If a creditor fails to file its claim within the specified period, such creditor is not treated as a competitive creditor and its/his/her claims are satisfied in the last priority rank at the liquidation procedure.
The sanation regime is established by court for up to 18 months in case if there is a possibility that the debtor may restore its solvency. Following the introduction of the sanation regime the manager (director) of the debtor is no longer has managing authority, which passes to the sanation manager. The main governing document in the sanation regime is a sanation plan, according to which all measures in relation to restoring the debtor’s solvency are implemented. Such measures may include increase of share capital, sale of property, alienation of property by way of replacement of assets, sale of a part of the assets, debt restructuring, etc.
As a result of the sanation regime the debtor either restores its solvency or liquidation procedure is applied.
Liquidation is the ultimate regime, which is applied only if no other regimes were successful in restoring the debtor’s solvency.

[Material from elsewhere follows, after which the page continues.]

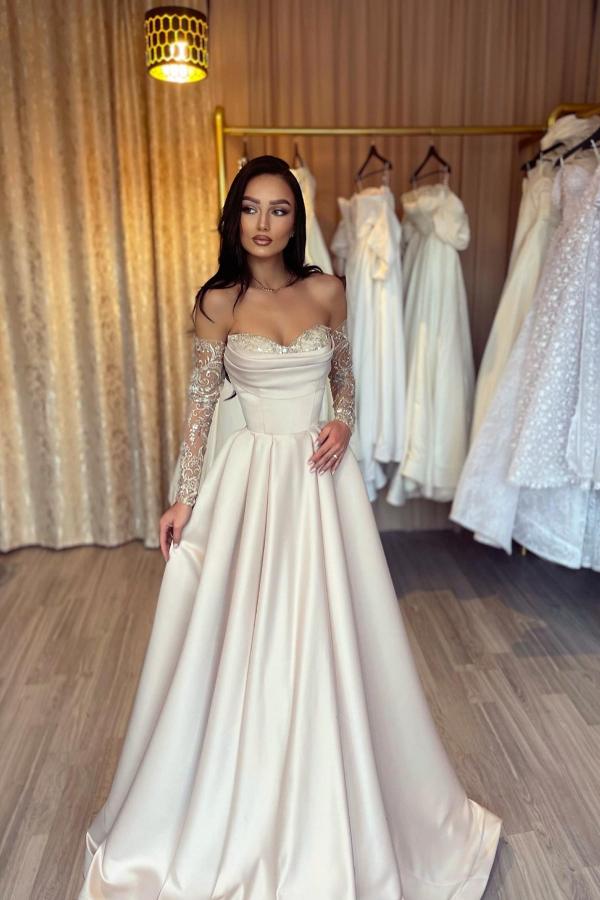 Long A-line Sweetheart Floor length Satin Lace Prom Dresses with Sleeves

The main feature of the liquidation regime is that no additional liabilities arise, including in relation to tax payments, and the debtor’s property is released from any arrests. The debtor’s assets are sold in order to satisfy the creditors’ claims to the maximum extent possible. Such sale is made on the auctions, notifications about which are placed on the websites of the High Commercial Court of Ukraine and the Ministry of Justice of Ukraine.
The Insolvency Law provides for priority ranks for satisfaction of the creditors’ claims.
First priority: claims regarding payment of salary, court duty, procedural expenses.
Second priority: claims regarding social security payments and damages to life and health of citizens;
Third priority: claims regarding tax payments and state reserves;
Fourth priority: competitive creditors’ claims;
Fifth priority: claims regarding return of contributions made by the work collective and additional remuneration of the insolvency practitioner;
Sixth priority: other claims.
Peculiarities of insolvency of certain debtors
The Insolvency Law also provides for some peculiarities of insolvency of certain debtors. These are: entities with social value or special status; agricultural enterprises; insurance companies; participants of the securities market and joint investment institutions; managers of real estate development; individual entrepreneurs; farming entities. In addition, for the purposes of protection of the state interests, the state enterprises as well as the companies in which the state holds more than 50% of shareholding are also subject to special insolvency proceedings.
There is also a possibility to apply for shorter insolvency procedure under certain circumstances.
Overall, while Ukrainian insolvency regulation is not fully in line with the best international standards, there are ongoing developments and efforts made in order to modernize and improve it.